Facendo tappa a Londra dove fu fotografato per essere mostrato alla regina Vittoria raggiunse Brest dove salì a bordo il Granduca Costantino.
Lo yacht attraversò il golfo di Biscaglia ma quando arrivò una tempesta il suo comportamento fu disastroso. Essendo bassa sull'acqua le onde la sovrastarono e l'acqua penetrò ovunque. Cominciò ad inclinarsi di 9 gradi con le pompe che funzionavano giorno e notte per svuotarla. Dovette riparare nel porto spagnolo di Ferrol dove fu accuratamente esaminata. Presentò danni notevoli (5 compartimenti stagni riempiti d'acqua e numerose crepe) e poiché il bacino di Sebastapoli non era ancora terminato fu deciso di farle passare l'inverno a Ferrol dove divenne in pratica un Palazzo dove furono organizzati balli e feste memorabili.
Senonché nel marzo successivo lo zar fu assassinato a SanPietroburgo e gli succedette il figlio Alessandro III che non era affatto "innamorato" come il padre delle idee "geniali" dell'ammiraglio Popov. Sotto un nuovo comando lo yacht riprese il viaggio verso il Mar Nero, toccando anche Napoli (dove venne fotografato all'ormeggio nel Porto Militare) e arrivando infine a Sebastopoli l'8 giugno del 1881.

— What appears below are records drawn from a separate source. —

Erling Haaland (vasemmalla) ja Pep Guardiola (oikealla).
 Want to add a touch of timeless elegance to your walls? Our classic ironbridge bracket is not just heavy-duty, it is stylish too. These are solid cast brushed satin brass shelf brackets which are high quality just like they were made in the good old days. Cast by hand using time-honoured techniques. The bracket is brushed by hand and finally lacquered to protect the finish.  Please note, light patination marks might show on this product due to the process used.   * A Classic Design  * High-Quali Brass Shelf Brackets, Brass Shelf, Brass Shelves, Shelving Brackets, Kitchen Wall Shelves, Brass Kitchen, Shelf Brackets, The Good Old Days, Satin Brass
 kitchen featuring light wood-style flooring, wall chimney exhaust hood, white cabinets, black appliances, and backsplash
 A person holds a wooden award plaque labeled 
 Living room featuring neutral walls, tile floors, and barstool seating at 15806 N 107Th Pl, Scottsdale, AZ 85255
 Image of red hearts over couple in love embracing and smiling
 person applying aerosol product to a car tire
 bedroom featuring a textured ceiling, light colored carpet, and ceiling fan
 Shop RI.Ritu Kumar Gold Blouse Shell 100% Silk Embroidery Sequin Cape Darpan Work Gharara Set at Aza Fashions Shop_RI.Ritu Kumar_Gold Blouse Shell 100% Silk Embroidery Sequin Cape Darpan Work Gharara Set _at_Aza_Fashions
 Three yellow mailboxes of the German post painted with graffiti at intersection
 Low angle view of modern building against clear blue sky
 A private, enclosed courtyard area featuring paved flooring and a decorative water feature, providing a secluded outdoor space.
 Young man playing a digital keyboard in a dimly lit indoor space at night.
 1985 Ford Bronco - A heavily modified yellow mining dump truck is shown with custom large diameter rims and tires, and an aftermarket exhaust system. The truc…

Aveva viaggiato per 3890 miglia consumando 2.900 tonnellate di carbone.
Qualche giorno dopo il Granduca Michele s'imbarcò con la famiglia per una breve crociera sul Mar Nero. Le acque agitate dimostrarono che la nave non era adatta a sopportare tempeste, la sovrastruttura vibrava e tremava fortissimamente spaventando a morte i passeggeri. Lo yacht rientrò in bacino di carenaggio e fu visitato accuratamente da una commissione e sottoposto a numerosi test.
Nonostante 136 tentativi di percorrere il miglio velocemente la barca non riuscì mai a superare i 14,5 nodi. Popov dichiarò che la qualità del carbone era scarsa e che l'equipaggio era inesperto ma fu ugualmente licenziato e fu dichiarato responsabile di indebito pagamento del premio per la velocità. La commissione dichiarò lo yacht inadatto ad affrontare il mare senza grandi lavori di ristrutturazione. La nave rimase così nel bacino e qualche tempo dopo, poiché i lavori non vennero eseguiti, le fu tolto il nome Livadia sostituendolo con il sarcastico nome di "Opuit".
Fu man mano smantellato tutto il ricco arredamento e convertita in nave-riparazione per la flotta del Baltico: un misto tra caserma e magazzino, ma, in realtà, languì all'ormeggio a Sebastopoli finché nel 1923 fu venduta come rottame per sole 4.000 sterline. Fu dura anche l'impresa di demolirla, tanto che la sua sagoma fu ancora visibile in porto fino al 1930.